I don’t think it will work well to provide the user with a description of each upcoming feature and ask them to rate or sort them. That requires users to try to imagine what the upcoming feature would be like in their life once it’s implemented. That’s much harder than a usability test, where users can try out exactly how a feature is implemented and give you feedback. For upcoming features, you can’t control what the users are going to imagine (if they can imagine it), so the results tend to be unreliable. You can try to explain the feature in detail (verbally, in text, or graphically) but that takes a long time, and it requires that the user hold a lot in his/her head when trying to do the ratings.
Instead, derive a set of questions about the means and ends of each feature from the user’s perspective. For each feature, you want to find out
The frequency that users have the goal that the feature achieves for them.
The importance of achieving the goal.
The degree the users have the resources to use the feature as it’s planned.
The degree the feature as planned may annoy or frustrate the user.
Combine these and you have the value of the feature (and priority, all other things being equal).

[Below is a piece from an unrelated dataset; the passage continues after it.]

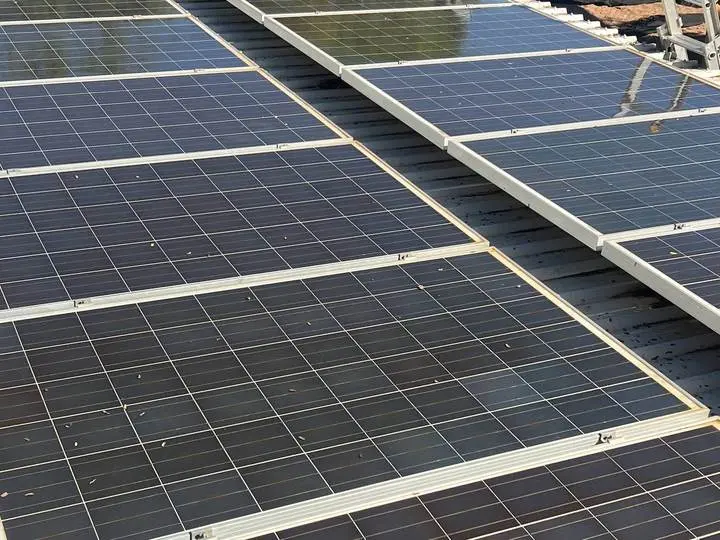 Rows of solar panels on a metal roof after cleaning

For example, say one feature for your social site is to send the user a text message whenever someone posts a response to a user posting. The goal of the feature is to eliminate the need for the users to constantly check back on the social site to see if there’s response. So the specify questions become something like:
How often do users check back at social site just to see if there’re responses?
How often do users find themselves wishing they knew if they had response yet?
How often do they have their phone on them when they’re wishing such things?
How disruptive or annoying is it to get and check text messages?
You may need more than four questions.
I’d take advantage of the usability test to do a mini contextual inquiry to answer these questions (or maybe “semi-contextual” inquiry if it’s in a usability lab rather than on the user’s home turf). Close the prototype and open the service as it exists now (or let the user open the competitor's service they’re currently using), and engage the user in a brief open-ended discussion on how they are currently using the service in order to answer the above questions. At the end of the discussion, try to get the user to put numbers down for each of the specific questions so you can compare the results of the upcoming features against each other. The hard part may be coming up with specific but comparable questions for each feature.